* The problem *
Write the listing out again, exactly as it reads below.
+++++
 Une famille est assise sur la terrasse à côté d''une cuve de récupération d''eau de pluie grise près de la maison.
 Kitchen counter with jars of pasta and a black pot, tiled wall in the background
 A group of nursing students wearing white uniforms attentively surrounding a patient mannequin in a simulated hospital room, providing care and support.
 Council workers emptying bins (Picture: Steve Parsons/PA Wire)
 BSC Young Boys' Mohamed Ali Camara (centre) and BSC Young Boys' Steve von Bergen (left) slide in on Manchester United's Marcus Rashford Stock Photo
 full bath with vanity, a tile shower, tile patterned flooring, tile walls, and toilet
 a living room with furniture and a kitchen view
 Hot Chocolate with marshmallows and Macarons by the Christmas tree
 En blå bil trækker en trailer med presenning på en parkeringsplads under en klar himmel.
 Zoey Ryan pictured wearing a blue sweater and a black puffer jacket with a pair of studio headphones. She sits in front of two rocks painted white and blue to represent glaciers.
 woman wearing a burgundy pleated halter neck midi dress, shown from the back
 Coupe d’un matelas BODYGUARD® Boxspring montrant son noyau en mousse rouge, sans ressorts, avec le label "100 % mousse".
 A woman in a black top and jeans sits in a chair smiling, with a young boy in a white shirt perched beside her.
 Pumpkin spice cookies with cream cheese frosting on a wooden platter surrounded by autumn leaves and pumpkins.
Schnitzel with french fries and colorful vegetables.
+++++
* The answer *
 Une famille est assise sur la terrasse à côté d''une cuve de récupération d''eau de pluie grise près de la maison.
 Kitchen counter with jars of pasta and a black pot, tiled wall in the background
 A group of nursing students wearing white uniforms attentively surrounding a patient mannequin in a simulated hospital room, providing care and support.
 Council workers emptying bins (Picture: Steve Parsons/PA Wire)
 BSC Young Boys' Mohamed Ali Camara (centre) and BSC Young Boys' Steve von Bergen (left) slide in on Manchester United's Marcus Rashford Stock Photo
 full bath with vanity, a tile shower, tile patterned flooring, tile walls, and toilet
 a living room with furniture and a kitchen view
 Hot Chocolate with marshmallows and Macarons by the Christmas tree
 En blå bil trækker en trailer med presenning på en parkeringsplads under en klar himmel.
 Zoey Ryan pictured wearing a blue sweater and a black puffer jacket with a pair of studio headphones. She sits in front of two rocks painted white and blue to represent glaciers.
 woman wearing a burgundy pleated halter neck midi dress, shown from the back
 Coupe d’un matelas BODYGUARD® Boxspring montrant son noyau en mousse rouge, sans ressorts, avec le label "100 % mousse".
 A woman in a black top and jeans sits in a chair smiling, with a young boy in a white shirt perched beside her.
 Pumpkin spice cookies with cream cheese frosting on a wooden platter surrounded by autumn leaves and pumpkins.
Schnitzel with french fries and colorful vegetables.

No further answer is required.